1. complex PDE

hi,
i just started learning about PDE in complex variables and im very confused by it.

why isit that for f(x) = integrate from 2pi to 0 ( H(x-t)) dt

that if t<x, H(x-t) = 1 and for t>x, H(x-t) = 0?

what does that mean?

also, is there any books on notes that anyone can recommend which explains this concept becos i cant seem to find any materials on this.

thanks

2. Your H function behaves exactly like the Heaviside Step Function.

in my notes, it was stated that

f(x) = [ integrate from x to 0 {-i exp(ia(x-t))g(t) dt }] = [ integrate from 2pi to 0 { -i exp(ia(x-t) H(x-t) g(t) dt}]

may i know why H(x-t) is brought into this equation?

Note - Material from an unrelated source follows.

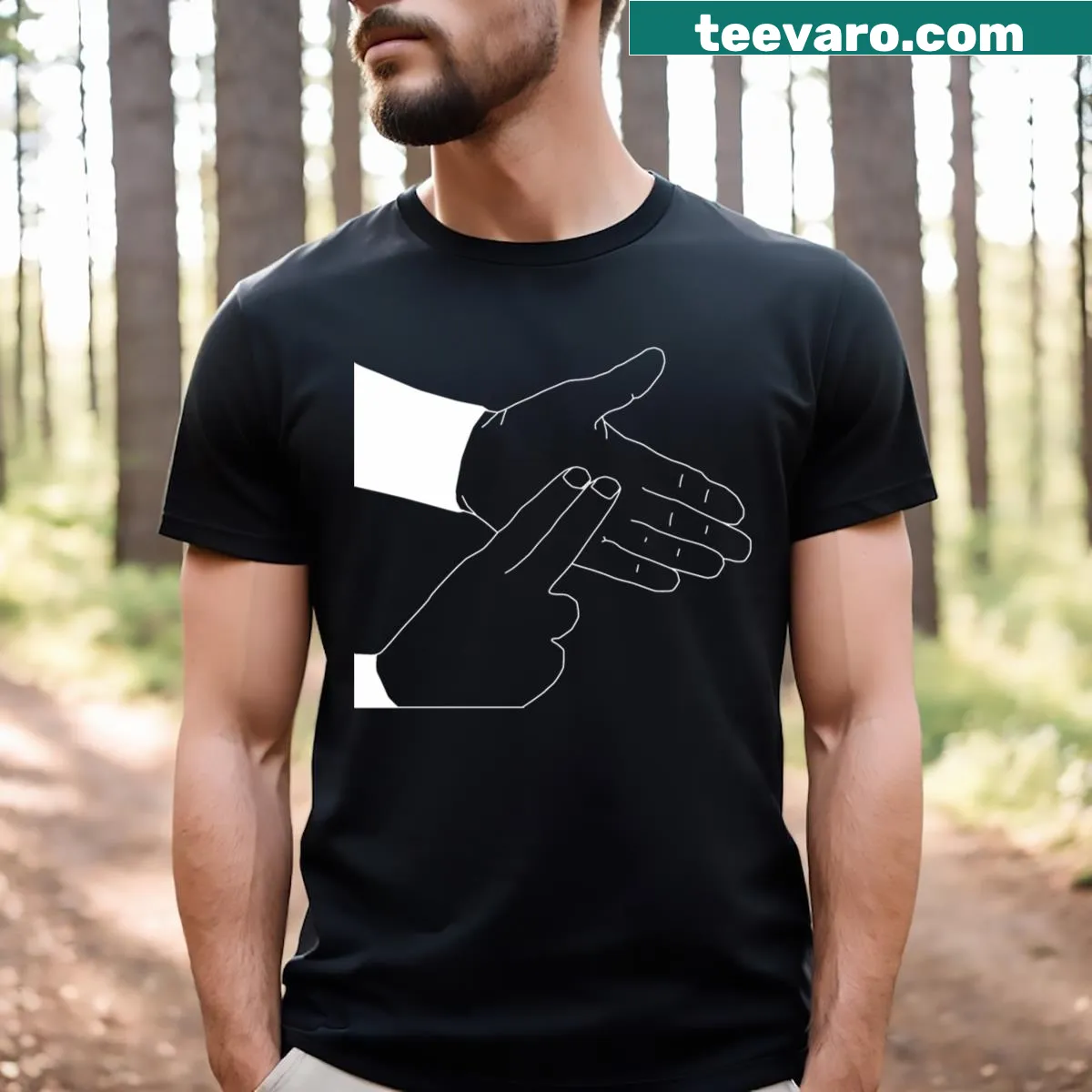 T-shirt with scuba diving hand signals and humorous text — on a men's t-shirt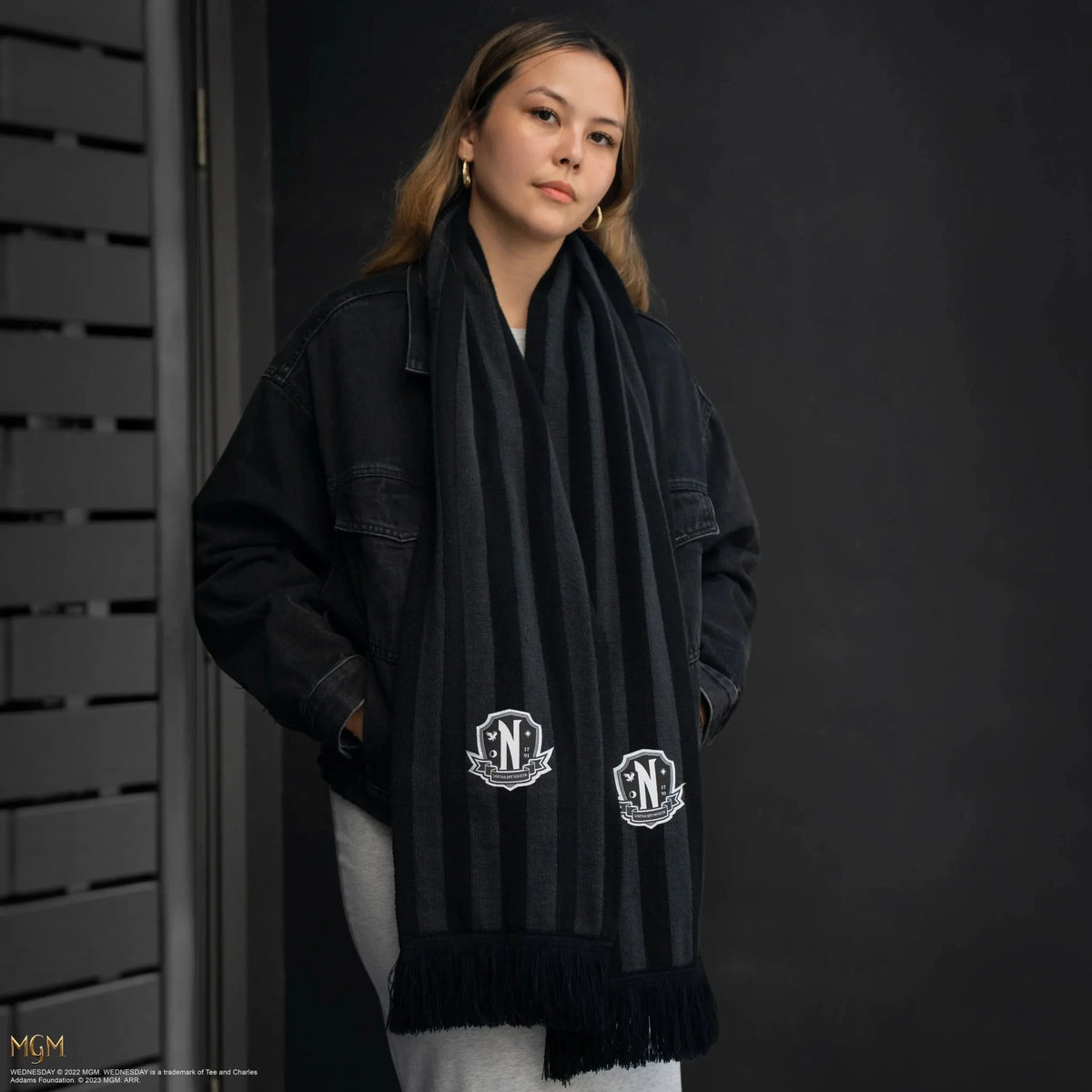 Wednesday Nevermore Academy Black Scarf CR1072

4. Hmm. Gotta see real integrals here. So you're asking why it is that

$\displaystyle{f(x)=-i\int_{x}^{0}e^{ia(x-t)}g(t)\,dt=-i\int_{2\pi}^{0}e^{ia(x-t)}H(x-t)\,g(t)\,dt.}$ Is that right? If it is, could you please provide some more context? Statement of the original problem, perhaps? Thanks!

5. yes that is what im saying=)

the full thing would be

let D = id/dx + a.

let h(x) = exp(iax). solve for df=g where f(2pi) =f(0).

below is a picture of the steps..which i do not understand.

thanks!

6. Ok, the real integral being claimed is

$\displaystyle{\int_{0}^{x}e^{ia(x-t)}g(t)\,dt=\int_{0}^{2\pi}e^{ia(x-t)}H(x-t)g(t)\,dt.}$

The reason you can do this is that the Heaviside step function crunches everything down to zero as soon as $t$ reaches $x$. Therefore, integrating beyond $x$ shouldn't pick up any more area. Think of it this way:

$\displaystyle{\int_{0}^{2\pi}e^{ia(x-t)}H(x-t)g(t)\,dt=\int_{0}^{x}e^{ia(x-t)}H(x-t)g(t)\,dt+\int_{x}^{2\pi}e^{ia(x-t)}H(x-t)g(t)\,dt}$

$\displaystyle{=\int_{0}^{x}e^{ia(x-t)}1\cdot g(t)\,dt+\int_{x}^{2\pi}e^{ia(x-t)}0\cdot g(t)\,dt=\int_{0}^{x}e^{ia(x-t)}g(t)\,dt.}$

Make sense now?

7. does that mean that i can always change the limits of my integration and assume that when x>t when integrating from x to 0 dt that it will be 0 using H(x-t)?

or is there some special cases that this works?

thank you!

8. As far as I know, you can always increase the upper limit of an integral if you ensure that beyond the original upper limit, the integrand is zero. That's essentially what's happening here.

9. sorry i think im having a mental block. how do you know that in this integration, that if t>x, the answer of this integration will be 0 and hence H(x-t) can be used? i thought it was based on assumption that it will be 0

10. how do you know that in this integration, that if t>x, the answer of this integration will be 0
Because the upper limit of the original integral is $x$. If the variable of integration is $t$, and the lower limit is $0$ and the upper limit is $x$, then it follows that for that integral, $0\le t\le x.$

I wouldn't say that "the answer of this integration will be 0". Because I'm not saying that, in your case, the integral from 0 to x of your integrand is zero. I'm saying that if you extend the upper limit beyond the original upper limit, you'd better have an integrand of zero, or you'll change the value of the integral.